2. Conference du Code Civil avec la Discussion particuliere du Conseil d'Etat et du Tribunat, &c. 8 Tomes, 12mo. à Paris. 1805.

3. Code de Procedure Civile. 2 Tomes, 12mo. à Paris. 1808.

4.

Code Pénal, suivi des Motifs présentés par les Orateurs du Gouvernement, &c. 2 Tomes, 12mo. à Paris. 1812. 5. Code d'Instruction Criminelle, suivi des Motifs, &c.

12mo. 1809.

6. Code de Commerce. 2 Tomes, 12mo. 1812.

7. Les cinq Codes avec Notes et Traités pour servir à un Cours complet de Droit Français; à l'Usage des Etudians en Droit, et de toutes les Classes de Citoyens cultivés. Par J. B. SIREY. Avocat aux Conseils du Roi, et à la Cour de Cassation. 8vo. Paris. 1819.

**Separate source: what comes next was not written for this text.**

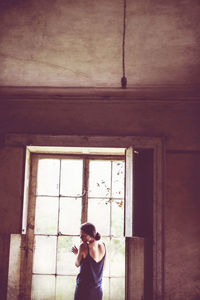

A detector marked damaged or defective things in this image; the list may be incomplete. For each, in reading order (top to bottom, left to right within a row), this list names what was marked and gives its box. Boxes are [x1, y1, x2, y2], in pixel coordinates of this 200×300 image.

We know not the individual to whose character justice is so little likely to be done, as Napoleon Bonaparte. The child of the French Revolution, he is, by most persons, confounded with its active leaders. The criminality of its horrid excesses fixes on him, as on the most prominent individual, that owed his advancement to that Revolution. It is difficult to induce men to reflect, that the most revolting of these excesses were perpetrated while Bonaparte was at school; and that though he did not bring the Revolution to a close, by restoring the Bourbons, he brought it still more effectually to a close, by crushing its parties, reviving many useful institutions, which it had destroyed, and reorganising the government of the country. It is very easy to charge him with being a tyrant and an oppressor; the changes are easily rung upon his ambition, conquest and devastation of foreign states, the conscription, and the murder of the Duke d' Enghien. It is in no degree our design to defend him from the real or imaginary guilt, imputed in these or any similar charges. We are even free to confess, that we do not think Napoleon possessed the true sentiment of greatness.

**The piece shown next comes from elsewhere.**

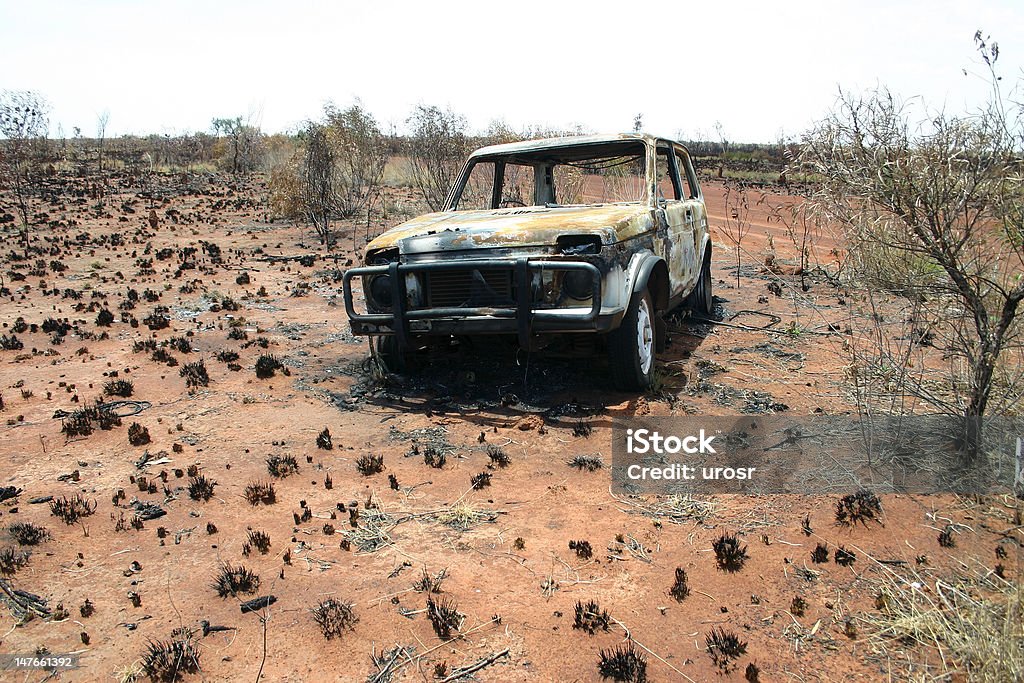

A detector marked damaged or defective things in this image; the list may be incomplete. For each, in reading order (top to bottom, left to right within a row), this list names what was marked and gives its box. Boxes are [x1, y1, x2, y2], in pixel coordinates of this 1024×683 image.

burned-out vehicle [344, 134, 712, 390]
fire-damaged wheel [608, 288, 656, 390]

He was not a Washington. But he was an Alexander, a Cæsar, a Frederick the Great; as brave as the bravest, and as good as the best of them. He governed by no very good title; but it was a better one, than that, by which any prince in Europe sits on his throne. We presume the most enthusiastic friend of legitimate monarchy does not believe, that if the right to reign of Charles Tenth, George Fourth, or Alexander, were put to the vote of the male population of their several states, of the age of twentyone years and upwards, either of these sovereigns would unite as many unbribed suffrages, as those which proclaimed Bonaparte Emperor. He ruled, and they rule, by the right of the strongest and that alone.

But it is too prevalent an impression, that Napoleon owed his advancement, and his continuance in power, solely to his talent as a military chief; that it was merely a military despotism, in which he held France and the continent of Europe enslaved. Fairly analysed and explained, indeed, this impression is just enough. No one can suppose that, but for his military talents and success, he could either have reached or maintained his throne. In a form a little modified, the condition of every prince in Europe is the same. There is not one of the leading sovereigns, who could reign a day, without his standing army. Without the horse guards, London itself would not be habitable. Nor does it seem to us, in point of principle, to matter much, whether the Head of the government be maintained in his power, by an army, fascinated with the splendor of his military qualities-if you please, by the glory and plunder, which that army has acquired under his command; or by a standing army in the legitimate sense of the word, a redcoated rabble, hired out of the jails and the brothels. To an American citizen the difference is not worth a straw.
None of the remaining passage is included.